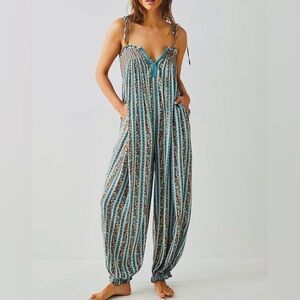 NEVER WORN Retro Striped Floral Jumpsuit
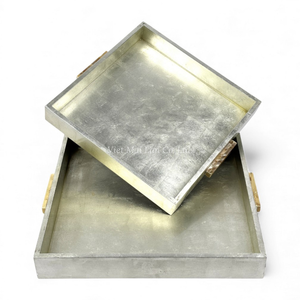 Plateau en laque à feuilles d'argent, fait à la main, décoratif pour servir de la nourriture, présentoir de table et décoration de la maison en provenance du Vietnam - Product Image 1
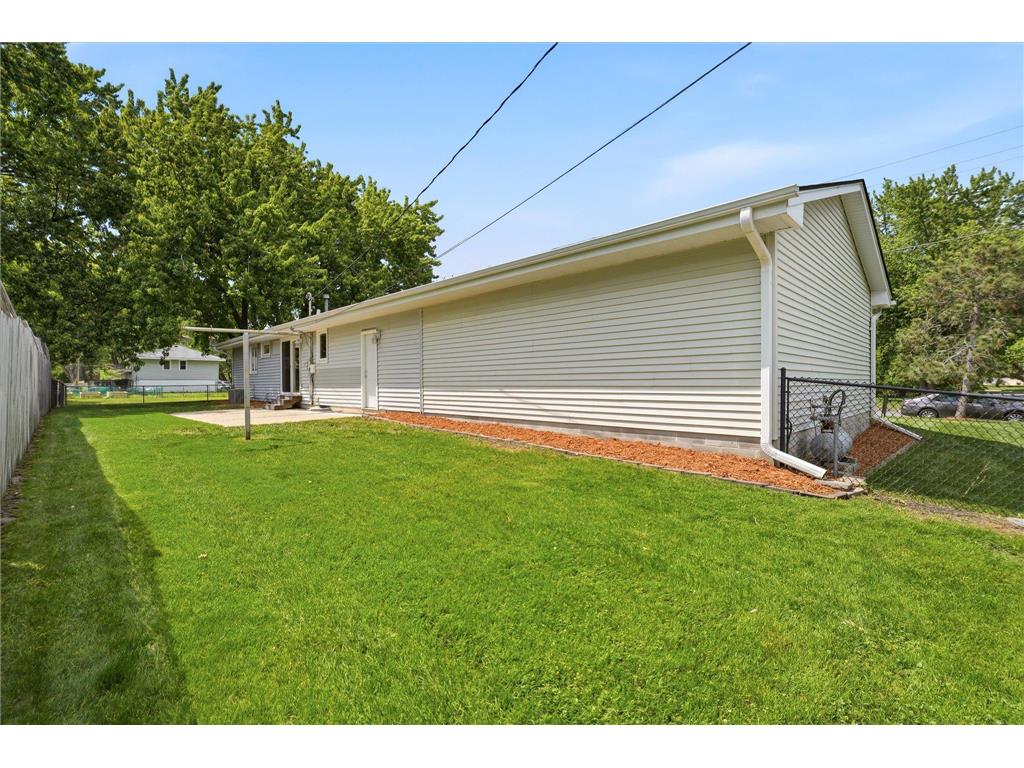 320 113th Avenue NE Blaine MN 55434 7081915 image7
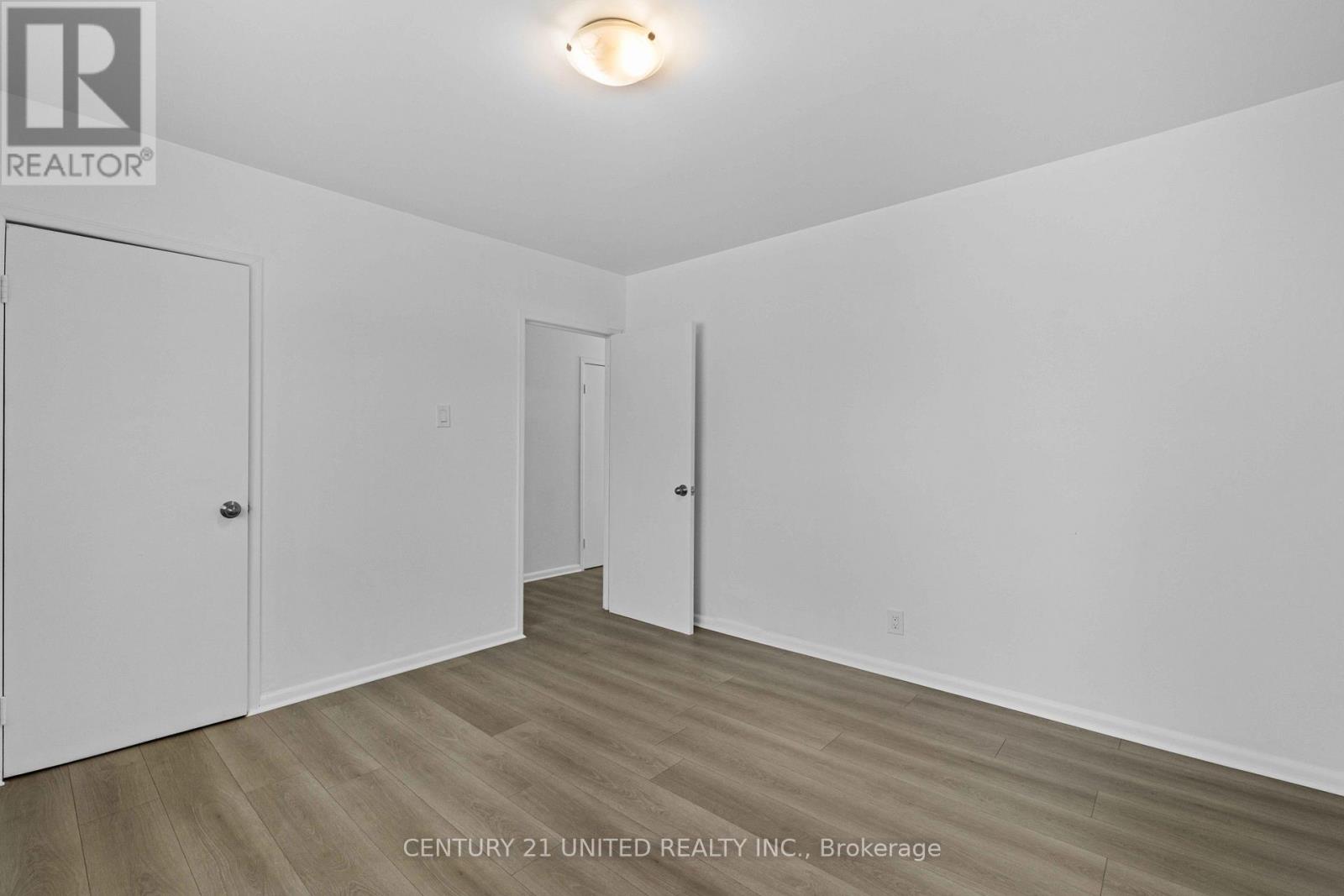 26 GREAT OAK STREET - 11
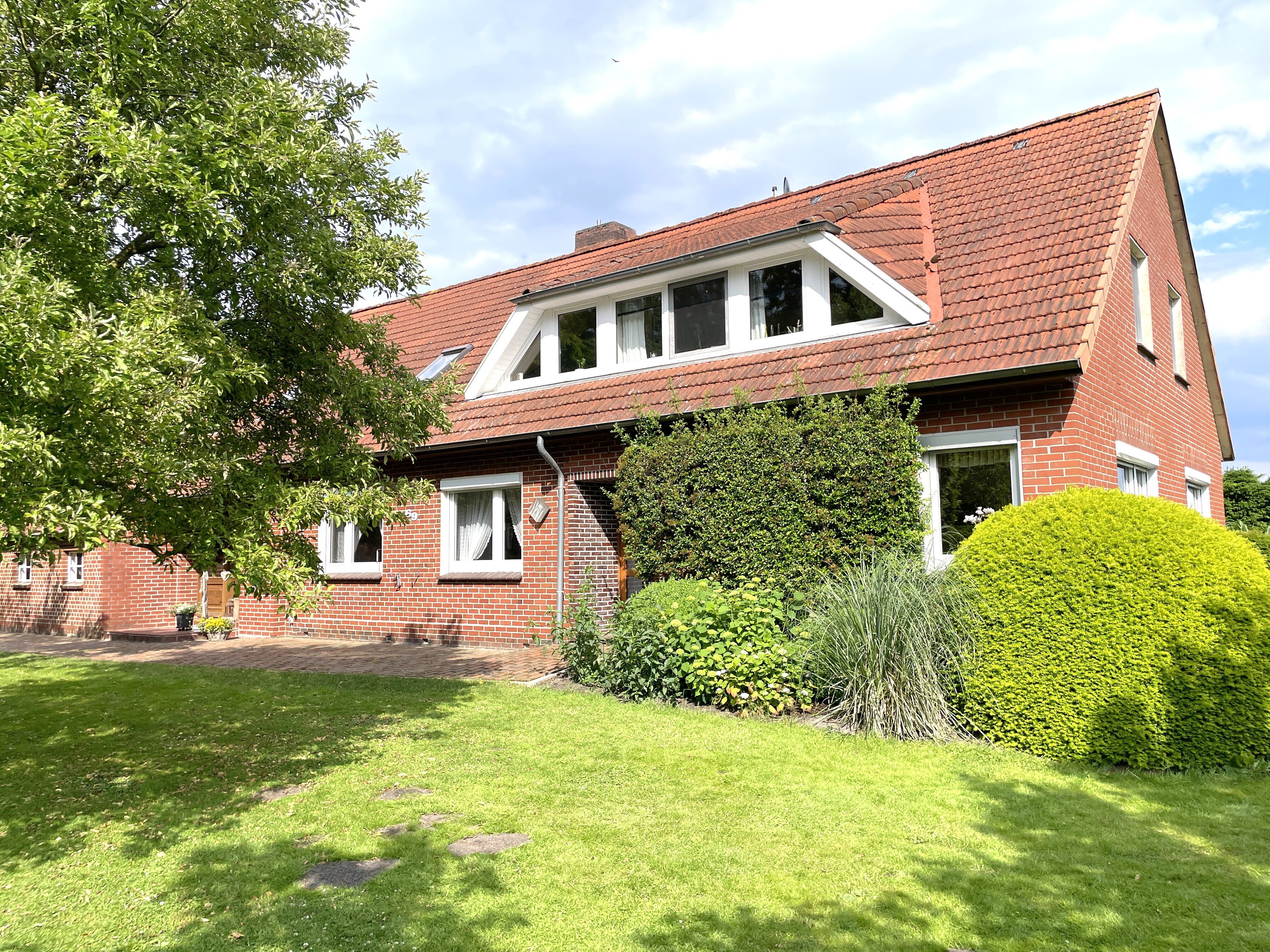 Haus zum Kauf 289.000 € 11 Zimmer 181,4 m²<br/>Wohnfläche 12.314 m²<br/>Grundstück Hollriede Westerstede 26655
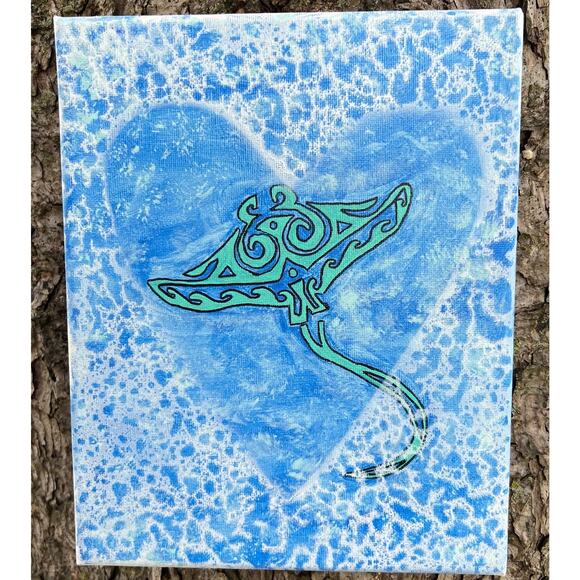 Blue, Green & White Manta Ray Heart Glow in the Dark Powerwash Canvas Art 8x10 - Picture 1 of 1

━━━━━━━━━━━━━━━━━━━━━━━━━━━━━━

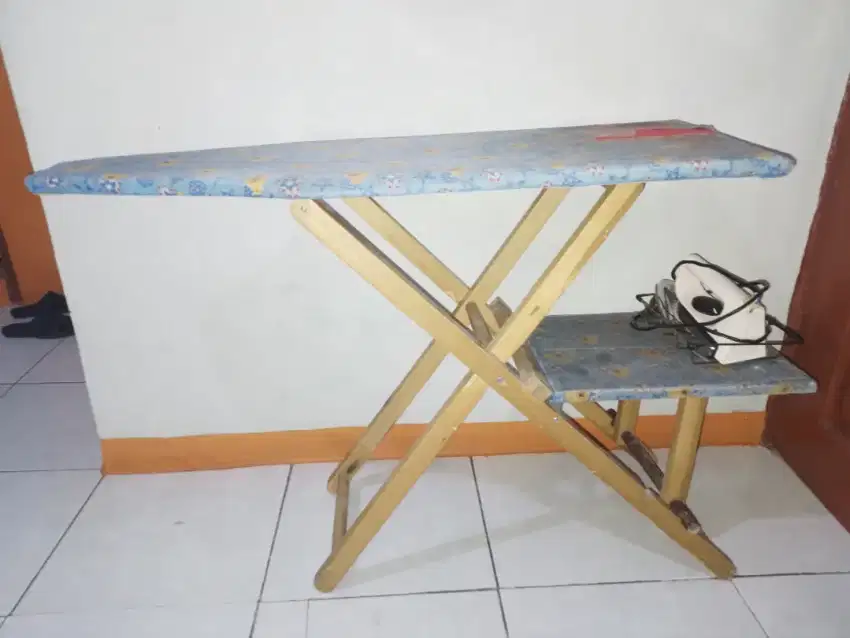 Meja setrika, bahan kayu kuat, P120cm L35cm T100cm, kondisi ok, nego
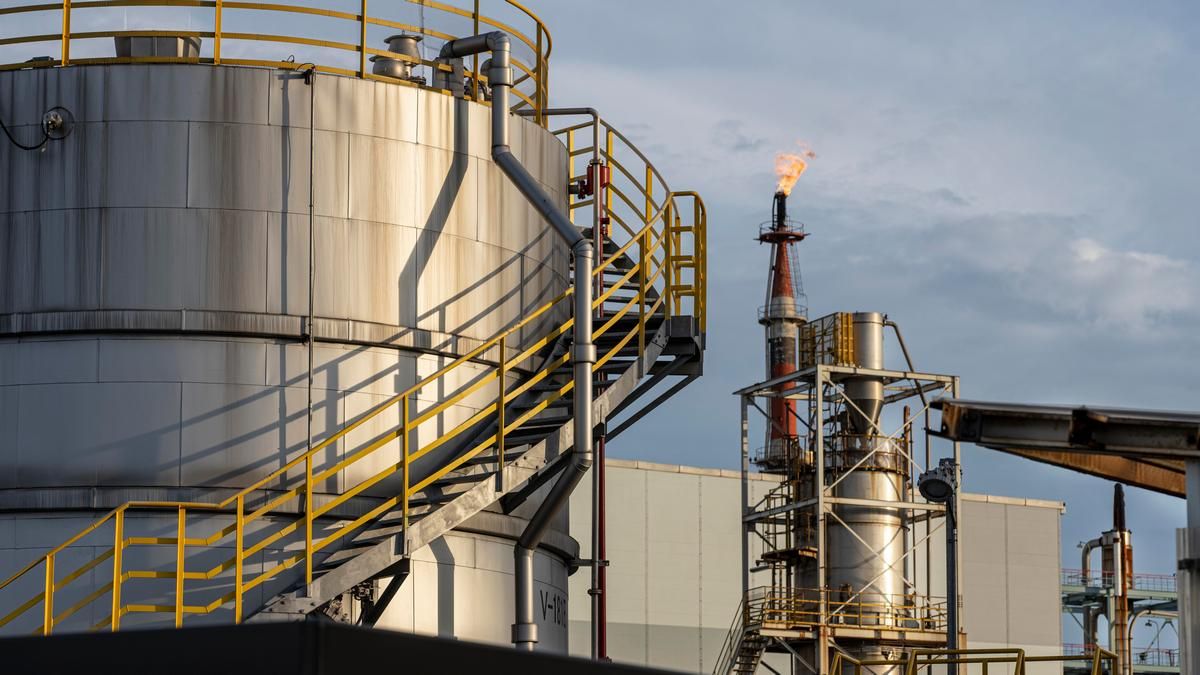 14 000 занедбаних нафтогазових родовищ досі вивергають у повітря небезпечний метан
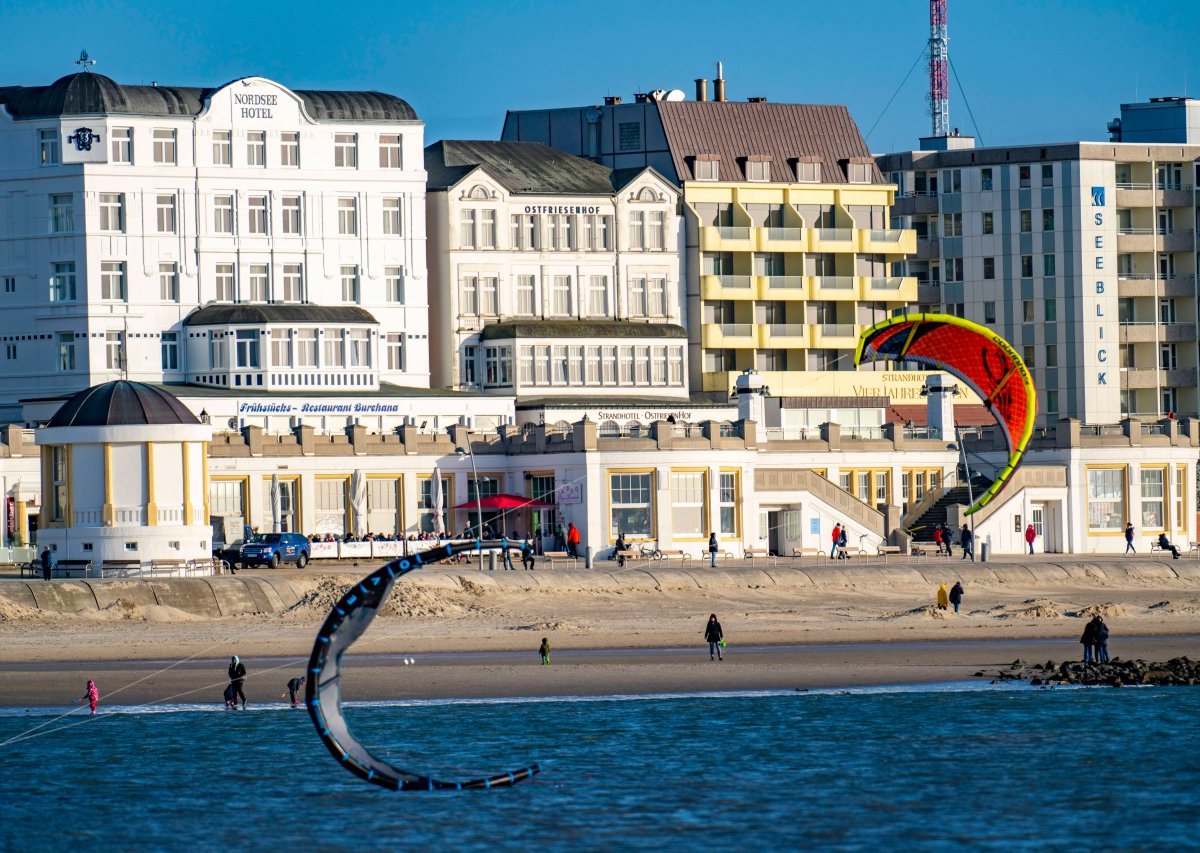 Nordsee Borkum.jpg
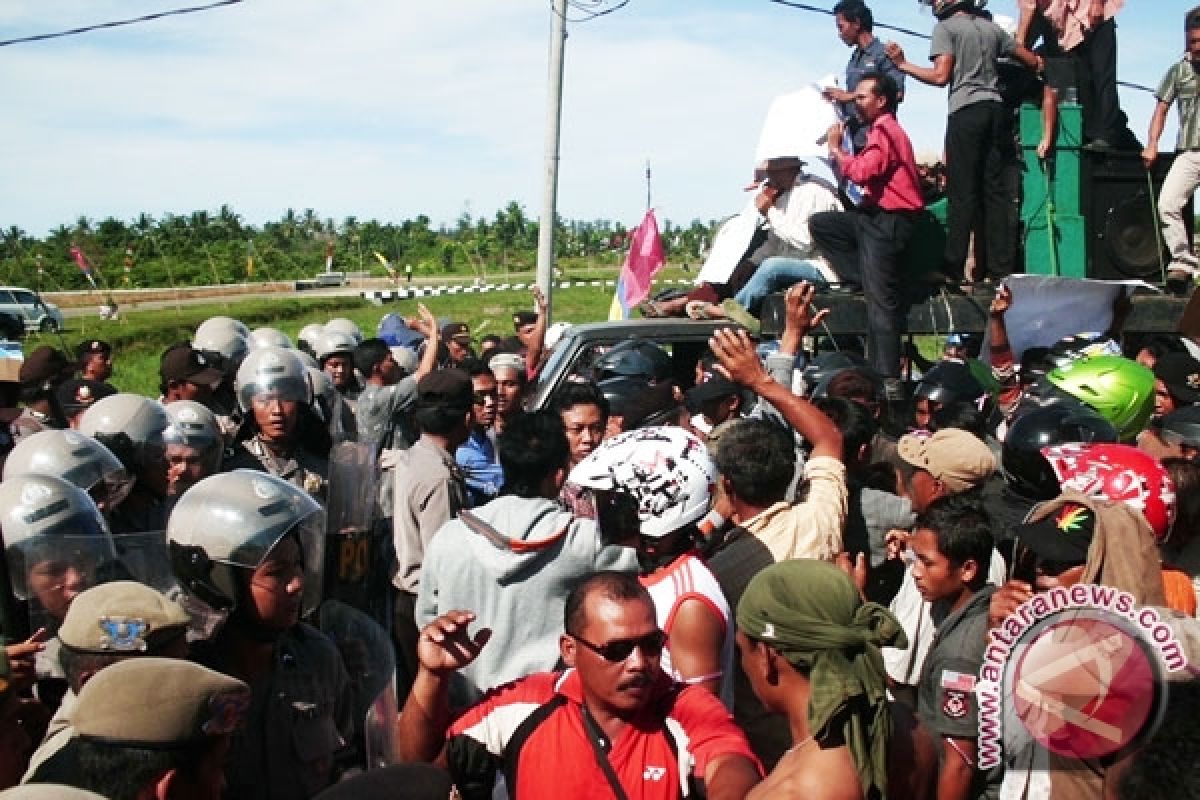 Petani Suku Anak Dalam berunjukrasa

━━━━━━━━━━━━━━━━━━━━━━━━━━━━━━

# EXERCISE DETAILS
When you reach the line with "26 GREAT OAK STREET - 11" in the records above, begin repeating the lines exactly, and stop after the line with "Blue, Green &". Skip all pictures.

# OUTPUT FOR THIS TASK
 26 GREAT OAK STREET - 11
 Haus zum Kauf 289.000 € 11 Zimmer 181,4 m²<br/>Wohnfläche 12.314 m²<br/>Grundstück Hollriede Westerstede 26655
 Blue, Green & White Manta Ray Heart Glow in the Dark Powerwash Canvas Art 8x10 - Picture 1 of 1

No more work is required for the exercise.